As an institutional investor, I’ve found these meetings to be the biggest waste of time and the most useful opportunity all rolled into one.  It’s a misuse of time because a well-constructed annual meeting sticks to a carefully rehearsed script.  Every presenter, whether he’s the CEO of a portfolio company or a hedge fund manager, has been coached to only reveal information that has already been communicated in the firm’s sanitized newsletter and financial results.  I suppose I might pick up a useful clue from the presenter’s body language, except that media experts have sculpted the performance. It doesn’t help that I’m drawing all over the meeting materials. 

If the performances are canned, perhaps the obligatory Q&A will unearth some nugget.  The annual meeting isn’t designed to allow this to happen.  If your investment performance is good, half the audience will prefer to retire to the salon for coffee and pastries, and the other half will want to know when you’re going to raise your next fund, and if they can get an allocation.  On the other hand, if your performance is bad, you’ll construct the conference so that the time for questions is crowded out by those banal presentations.  Of course, if you’re truly desperate to avoid a nasty interrogation, you can always schedule the annual meeting in Phoenix in July.

 As a money manager, your biggest worries are those breaks in the action when your investors and your team mingle over cucumber sandwiches or bruschetta stuffed mushrooms.  Those informal gatherings were the most useful due diligence opportunity when I trekked to annual meetings.  My goal was to get as far away from the ears of the bosses as possible and engage a portfolio company CFO or obscure portfolio manager in conversation.  This was never an easy exercise, because those folks had been warned about guys like me.

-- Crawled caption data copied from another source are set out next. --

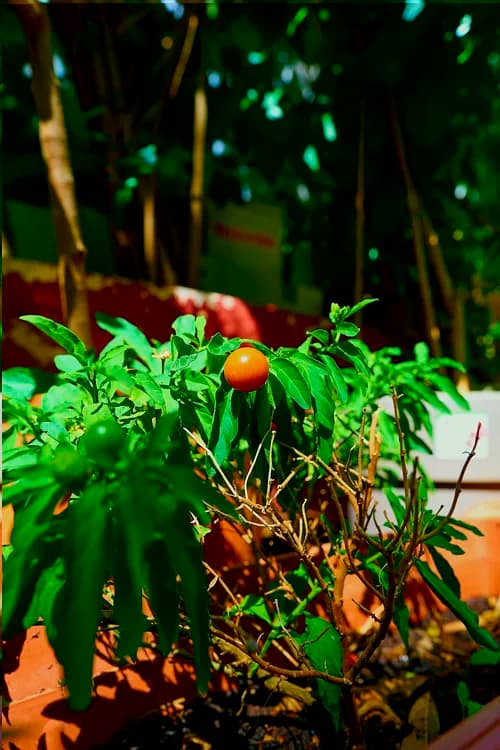 Jerusalem Cherry (Solanum pseudocapsicum)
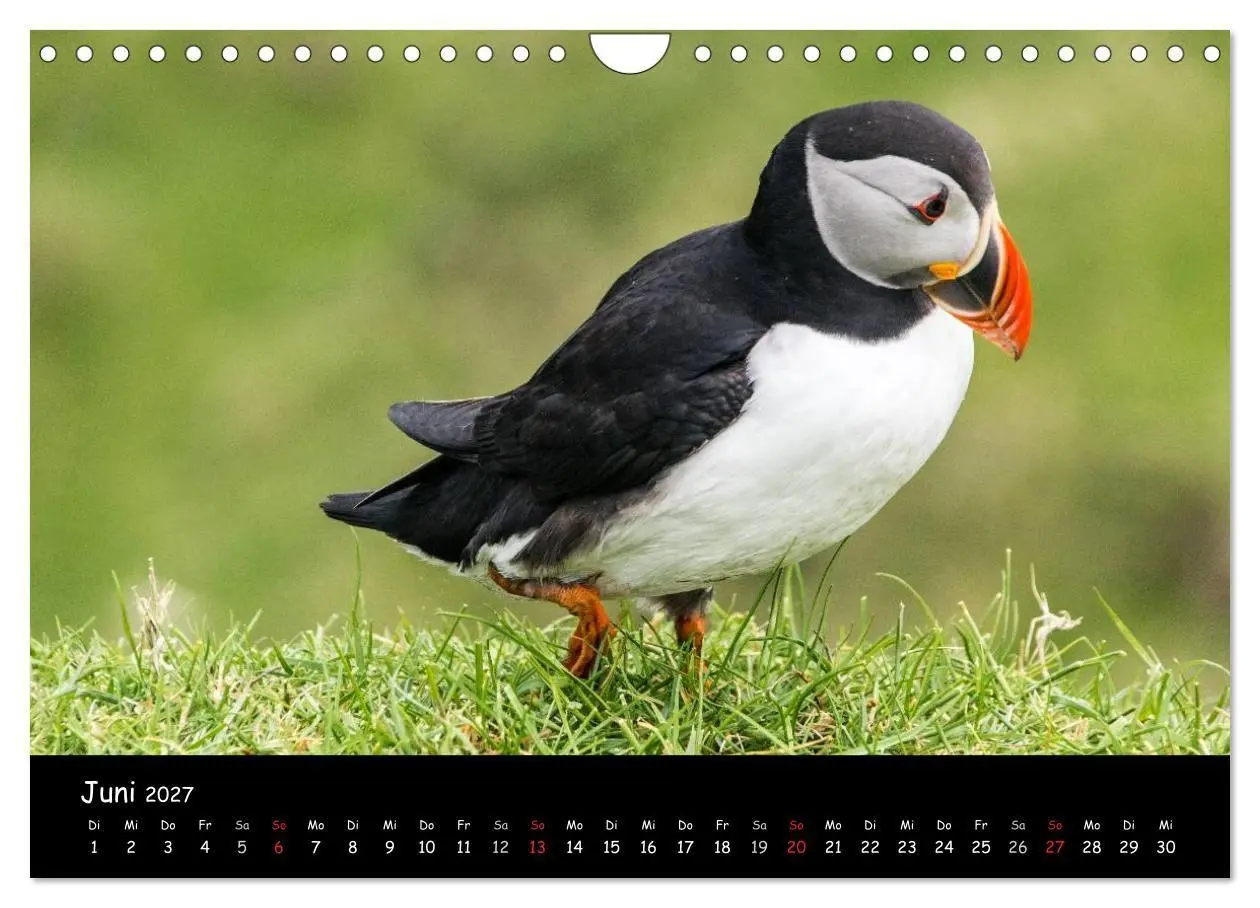 Bild: 9783569956735 | Die Papageientaucher von Mykines (Wandkalender 2027 DIN A4 quer),...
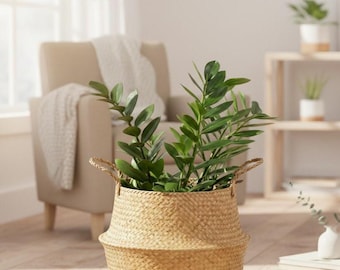 Storage Basket – Foldable Wicker Plant Basket, Natural Rattan Laundry & Toy Organizer, Boho Home Decor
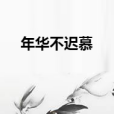 年華不遲慕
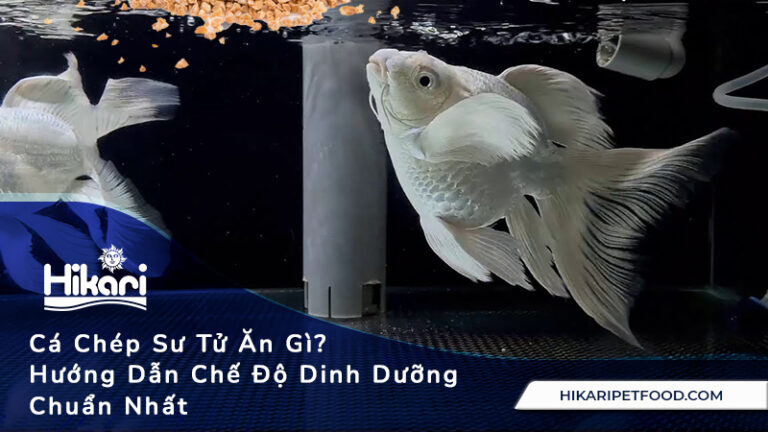 Cá Chép Sư Tử Ăn Gì? Hướng Dẫn Chế Độ Dinh Dưỡng Chuẩn Nhất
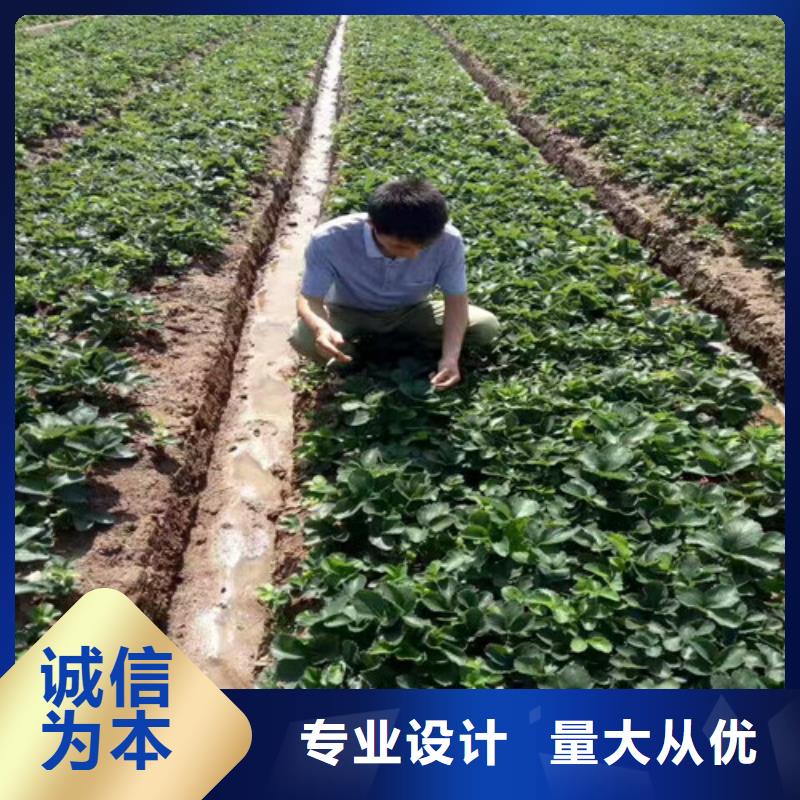草莓苗冬雪蜜桃树苗选择我们没错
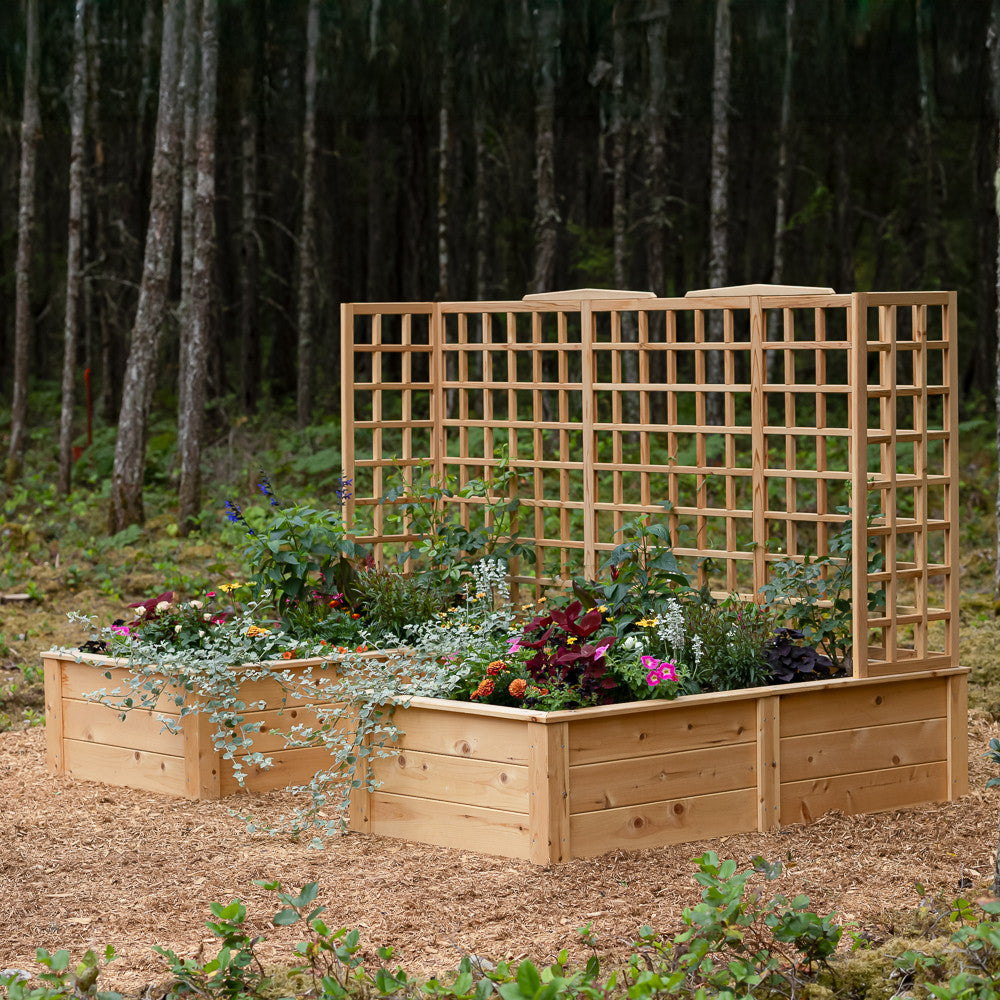 Natural Cedar 7.5' U-Shaped Raised Bed with Trellis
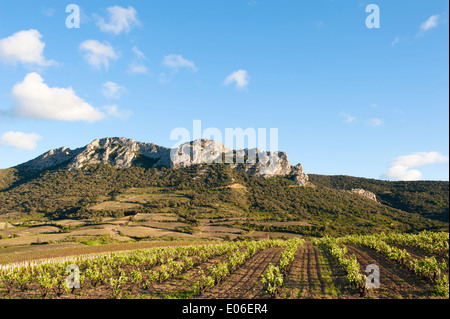 Vecchia vigna a Maury, AOC vinificazione valle del Fenouillèdes, Languedoc-Roussillon, Francia Foto Stock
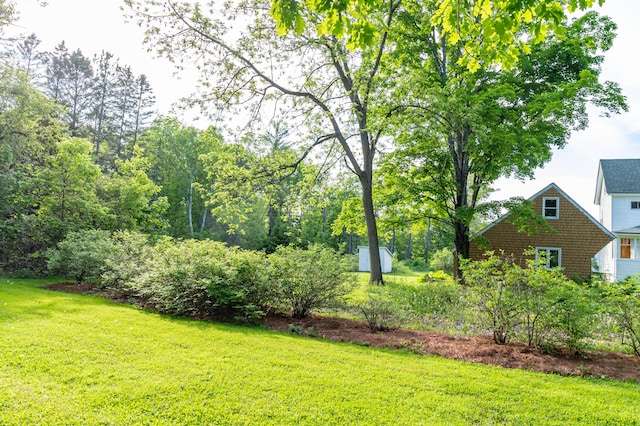 10 Joslyn St, Newport, ME 04953 - view of green lawn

After many hours of speakers and PowerPoints, the next item on the schedule is the gala dinner.  You’d think that an endless supply of fine wines would loosen tongues and provide the intrepid investor with unscripted insights.  If the dinner is held in a museum or old home, the docent’s tour is the highlight of the evening, followed on occasion by a thoughtful speaker.  And those speakers had better talk about something other than investing, or it's better to head back to the hotel early.

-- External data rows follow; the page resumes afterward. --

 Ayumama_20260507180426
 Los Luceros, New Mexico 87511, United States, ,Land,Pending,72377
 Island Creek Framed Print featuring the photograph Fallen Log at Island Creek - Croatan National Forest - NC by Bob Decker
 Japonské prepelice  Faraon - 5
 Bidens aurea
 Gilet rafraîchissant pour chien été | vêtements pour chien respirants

Investors aren’t allowed to sit just anywhere at one of these meals.  However, a large investor, or one considering becoming a large investor, needn’t consult the seating plan.  They’re going to be sitting at the main table with you, your most senior colleagues, and the guest speaker.  When I represented a large investor, I automatically sat at that table.   If we invested enough money, I was seated at the right hand of the money manager himself.  If we failed to commit to the manager’s next fund, I was assigned to a table next to the kitchen door.

If you’re planning one of these dinners, you might be a bit more astute about the seating arrangements.  The table by the kitchen door was often the most useful seat in the house, because as an investor, I usually learned something useful from my dinner companions as the doors flapped open and closed.

As you can see, the annual meeting is largely a waste.  However, investors don’t mind being wined and dined or spending an extra day seeing the sights or skiing the slopes.  There is one more opportunity to get something useful out of this extravaganza.  It’s the ride to the airport.  An investor should, if possible, share a taxi with one of the presenters at the annual meeting.  You’d be amazed what you can learn while stuck in traffic on the BQE. 

Wednesday, January 30, 2013

My Own Spin Through the Revolving Door


My Own Spin Through the Revolving Door

Mary Jo White has been nominated to head the Securities and Exchange Commission.  Ms. White, a former prosecutor, is a partner at Debevoise & Plimpton. In her private practice she represented many of the institutions that she will now regulate.  Understandably, the press has raised lots of questions about her ability to switch sides. They’ve also examined the impact of her appointment on the SEC because she will have to recuse herself from a variety of matters that come before the agency.  These are legitimate issues and are ably explored by Andrew Ross Sorkin in the New York Times (“Nominee for ‘Sheriff’ Has Worn Banks’ Hat”).[1]  However, I have some sympathy for Ms. White, recognizing completely that she will be navigating a series of real and apparent conflicts of interest.  I have some experience with this issue on the much smaller stage that is North Carolina.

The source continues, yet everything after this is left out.